What needs to be done:
Transcribe the data exactly, omitting whatever pictures it holds.

Data records
⟨

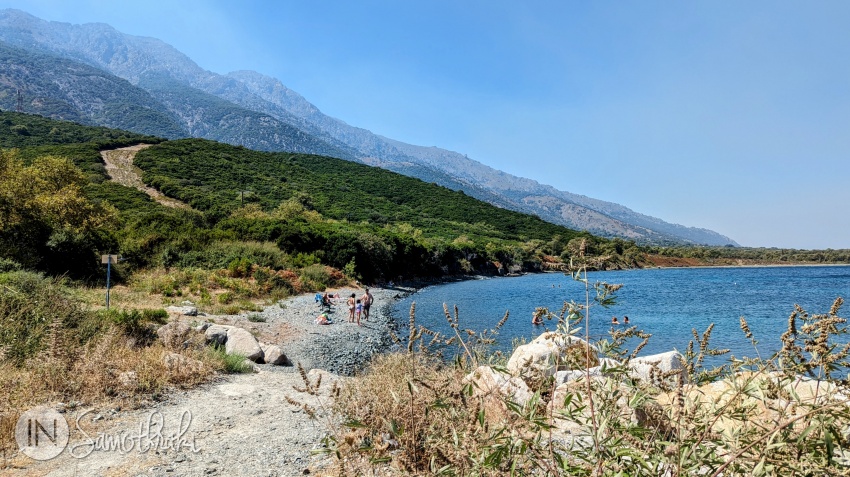 Bucata de plajă din partea stângă a portului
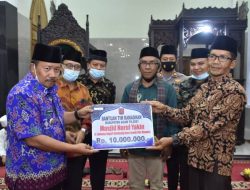 Safari Ramadhan 1443 H, Pemkab Agam Kucurkan Bantuan Rp450 Juta Untuk Masjid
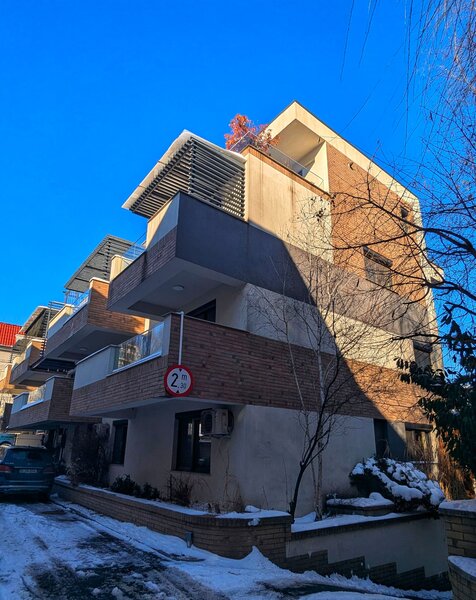 2016 Duplex Aviatiei, 3 camere 117 mp, Centrala, 2 locuri Parcare in Garaj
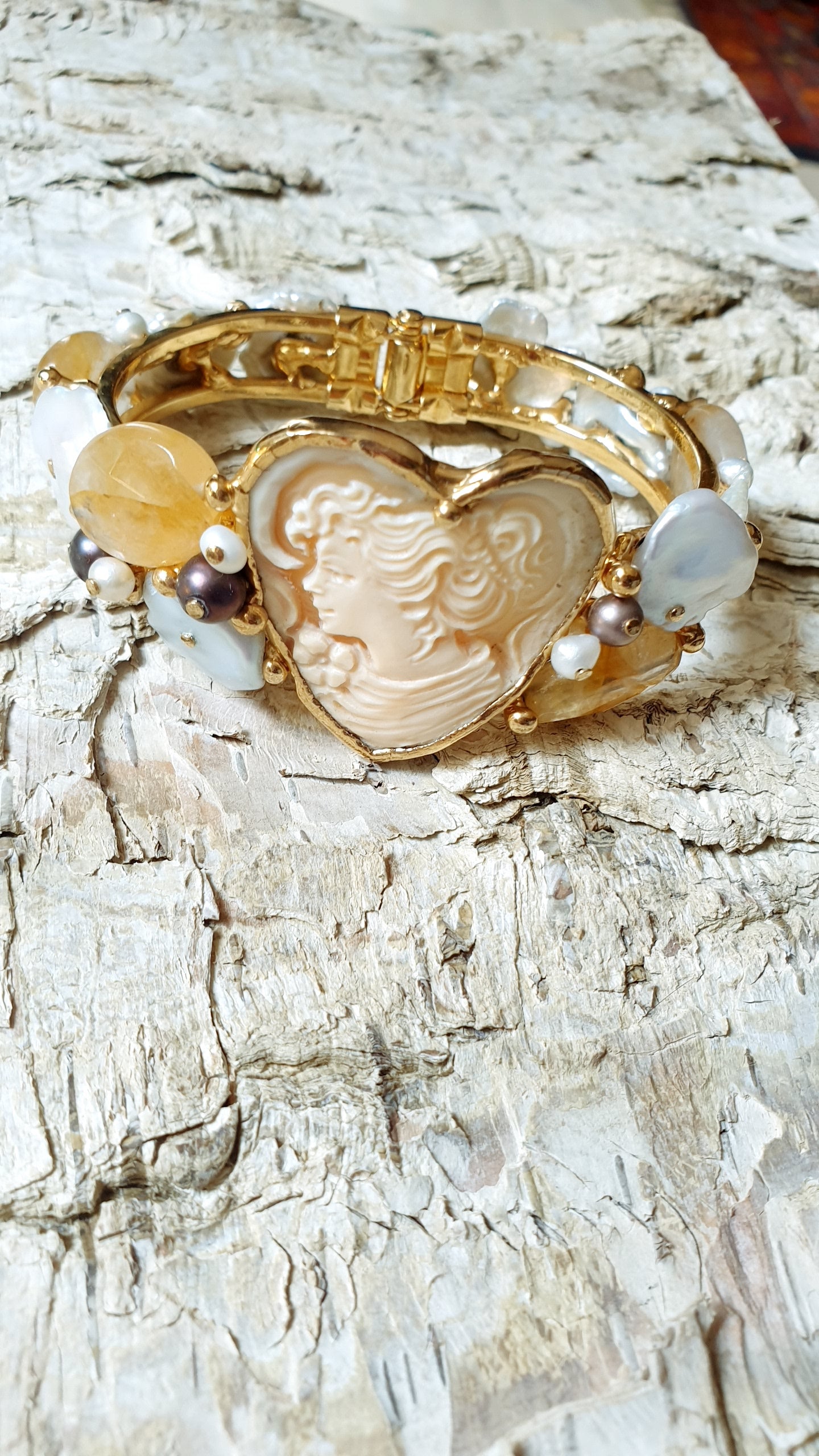 Bracciale cammeo, perle, pietre.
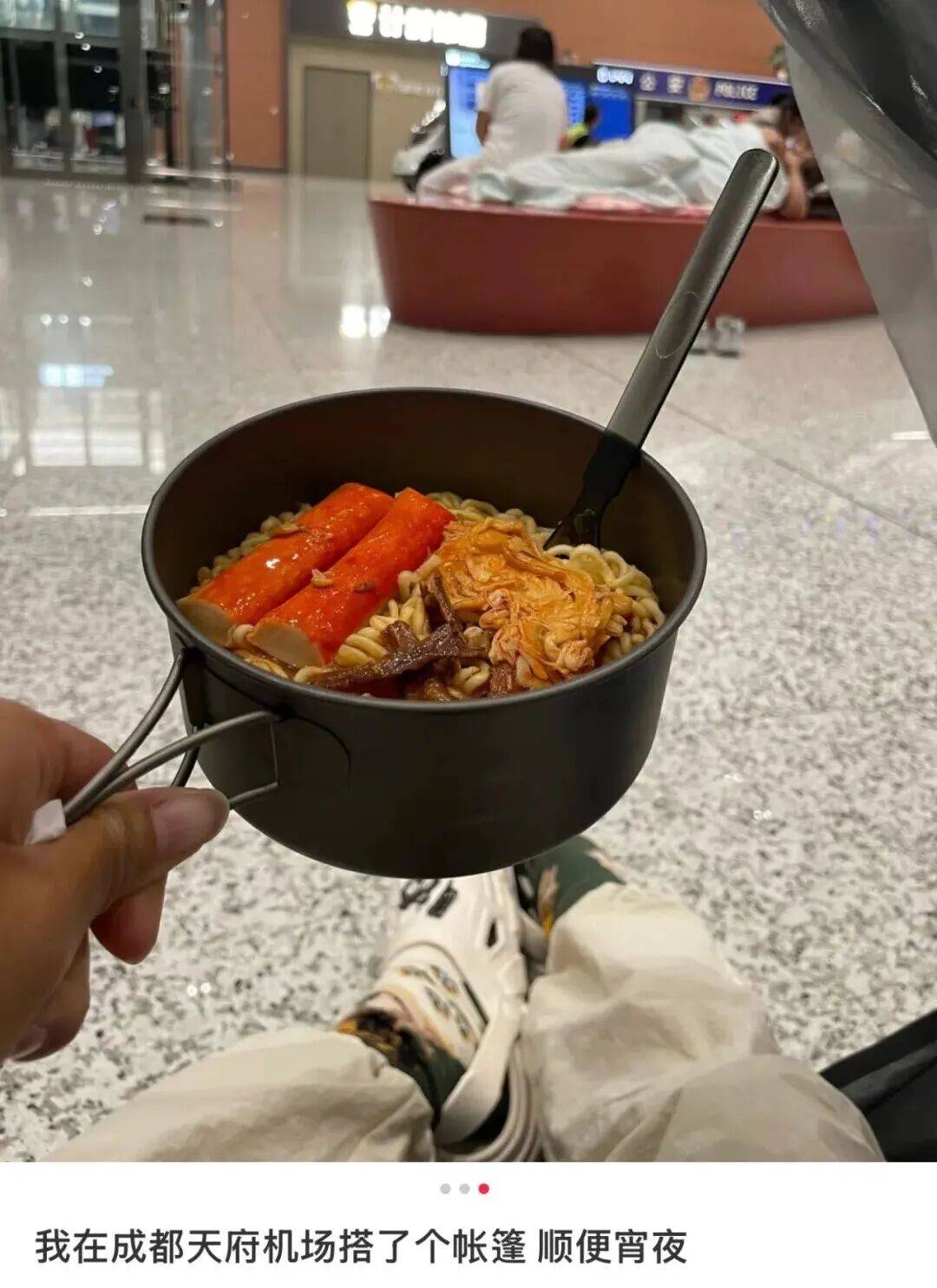 帐篷大酒店，收留了多少不想被割的年轻人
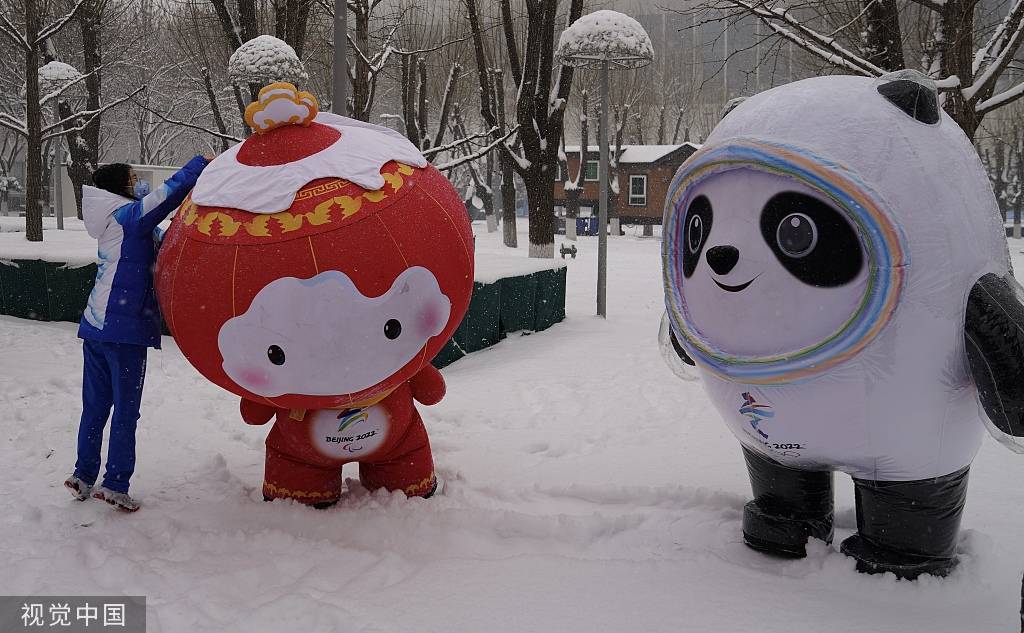 2022年2月13日,北京迎虎年初雪,在北京冬奧會主媒體中心附近,雪中的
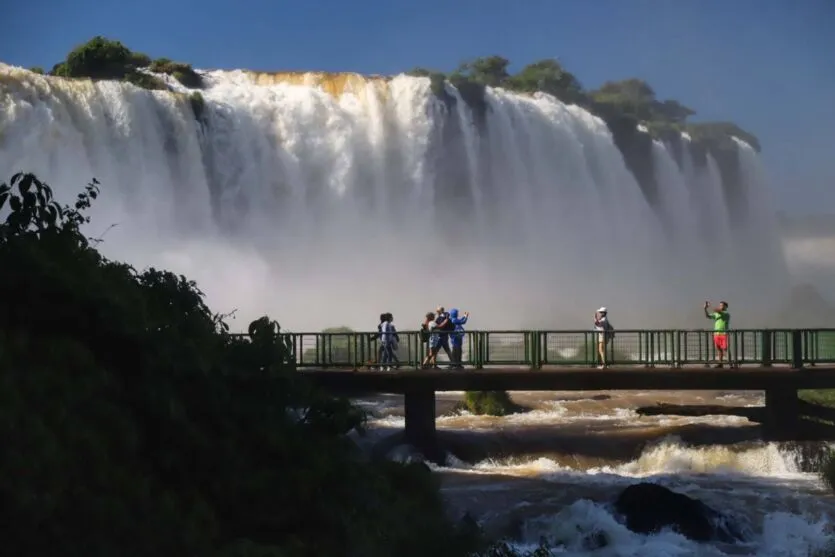 Foz do Iguaçu, no Oeste do estado do Paraná, é a principal base para visitar as famosas Cataratas do Iguaçu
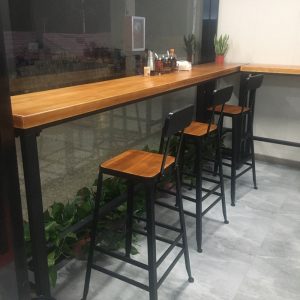 Bộ bàn ghế quầy bar gỗ đặc sắt rèn quán cà phê quán trà sữa ban công áp tường Bàn dài cao Bàn ăn gia đình - Hình 2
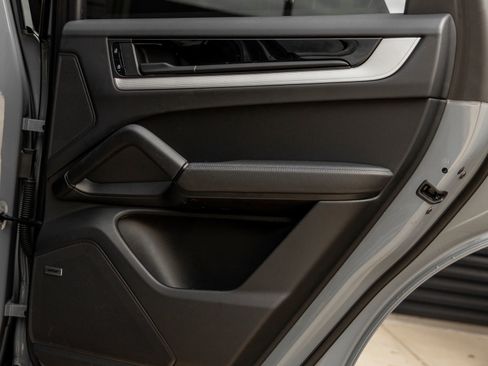 Certified 2024 Porsche Cayenne AWD/4WD image 39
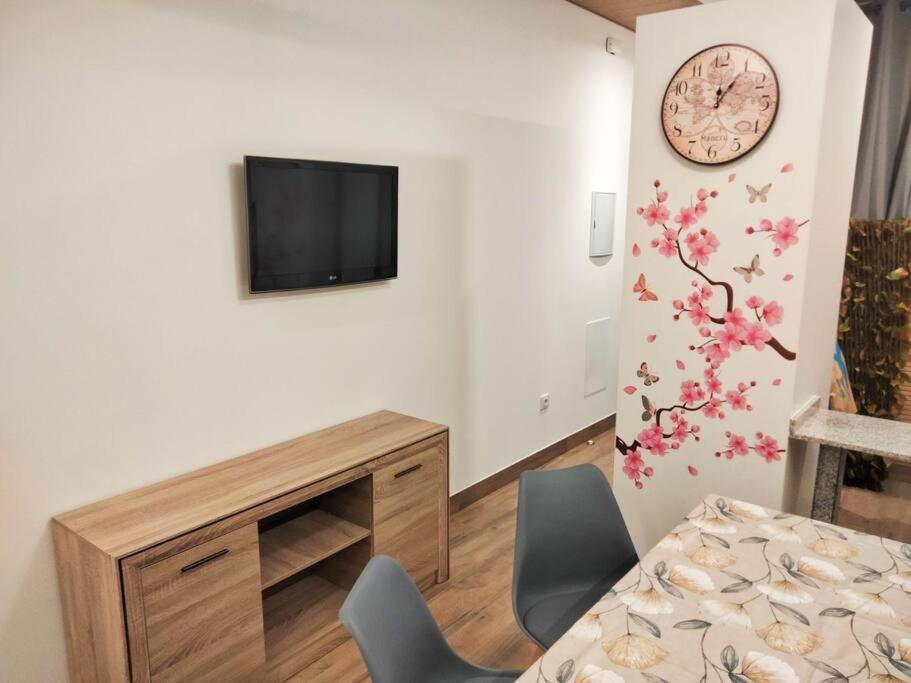 Loft La Calahorra Del Bere Con Posibilidad De Aparcamiento Pregunta Por El Pack Mas Amor Cordoba Exterior photo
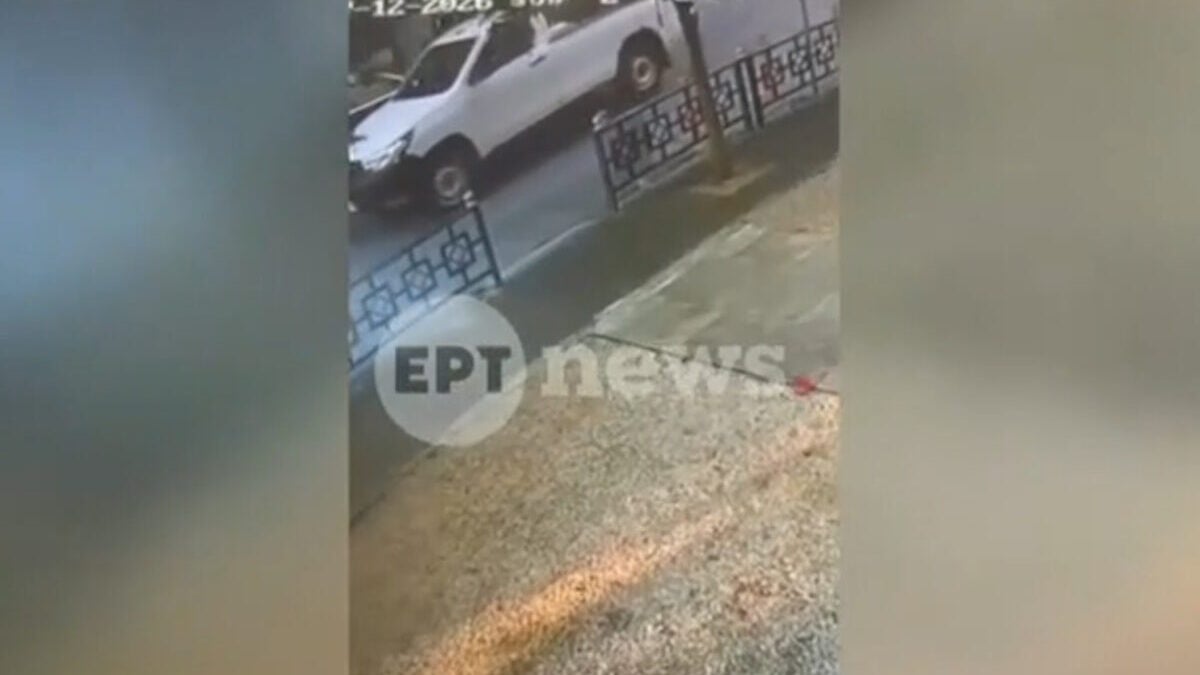 Φωτιά στο παλιό κτίριο του Μπάντμιντον στο Γουδί: Βίντεο ντοκουμέντο για τους τρεις συλληφθέντες 1 Φωτιά στο παλιό κτίριο του Μπάντμιντον στο Γουδί: Βίντεο ντοκουμέντο για τους τρεις συλληφθέντες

⟩

Task result:
 Bucata de plajă din partea stângă a portului
 Safari Ramadhan 1443 H, Pemkab Agam Kucurkan Bantuan Rp450 Juta Untuk Masjid
 2016 Duplex Aviatiei, 3 camere 117 mp, Centrala, 2 locuri Parcare in Garaj
 Bracciale cammeo, perle, pietre.
 帐篷大酒店，收留了多少不想被割的年轻人
 2022年2月13日,北京迎虎年初雪,在北京冬奧會主媒體中心附近,雪中的
 Foz do Iguaçu, no Oeste do estado do Paraná, é a principal base para visitar as famosas Cataratas do Iguaçu
 Bộ bàn ghế quầy bar gỗ đặc sắt rèn quán cà phê quán trà sữa ban công áp tường Bàn dài cao Bàn ăn gia đình - Hình 2
 Certified 2024 Porsche Cayenne AWD/4WD image 39
 Loft La Calahorra Del Bere Con Posibilidad De Aparcamiento Pregunta Por El Pack Mas Amor Cordoba Exterior photo
 Φωτιά στο παλιό κτίριο του Μπάντμιντον στο Γουδί: Βίντεο ντοκουμέντο για τους τρεις συλληφθέντες 1 Φωτιά στο παλιό κτίριο του Μπάντμιντον στο Γουδί: Βίντεο ντοκουμέντο για τους τρεις συλληφθέντες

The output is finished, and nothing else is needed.